Alan Kay, the computer scientist, said “Point of view is worth 80 IQ points.” His famous quote is also recorded as “Perspective is worth 80 IQ points.” Either way, he’s pointing out that acquiring a different perspective or point of view can make us a lot smarter.
For example, here are 4 realities that Peter Drucker identified in Managing for Results. See if these add up for you and actually provide a helpful new perspective about the design of connecting strategies for unconnected people:
1. “What the people in the business think they know about customer and market is more likely to be wrong than right.” Can you see the truth in Drucker’s thinking? Can you see how it might apply to our work in designing strategies to connect unconnected people and make disciples?
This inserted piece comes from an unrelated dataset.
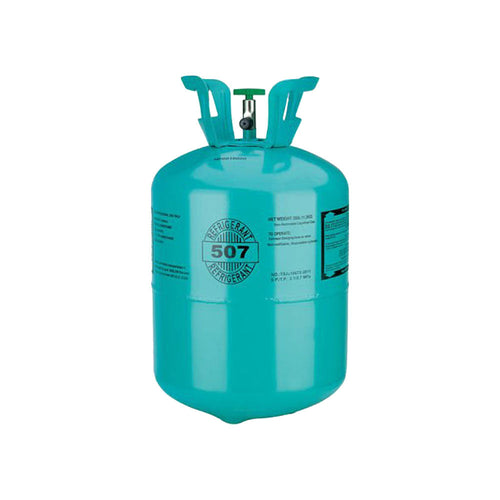 R-507 Kältemittel 25 lb Flasche azeotrope Mischung für Niedrigtemperatur-Kälteanwendungen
See also, Design Your Connecting Strategy with Unconnected People in Mind.
2. “The customer rarely buys what the business thinks it sells him.” The obvious question is, what do we think we are providing for unconnected people and are we providing what they actually value? See also, The Engel Scale and the Need for Customized Next Steps.
3. “An important corollary is that what the producer or supplier thinks the most important feature of a product to be may well be relatively unimportant to the customer.” Again, what if an active conversation with unconnected people revealed that they don’t actually value what we think is something they ought to value? See also, 5 Things You Need to Know about Connecting Unconnected People.
4. “The customers have to be assumed to be rational. But their rationality is not necessarily that of the manufacturer; it is their own rationality.” How many times have we said, “If people just knew what was good for them they’d sign up for a small group!” What if we simply embraced the idea that our customers have their own rationality and the sooner we learn what it is the sooner we’ll begin to design connecting strategies that appeal to unconnected people. See also, Design Your Small Group Ministry for Results.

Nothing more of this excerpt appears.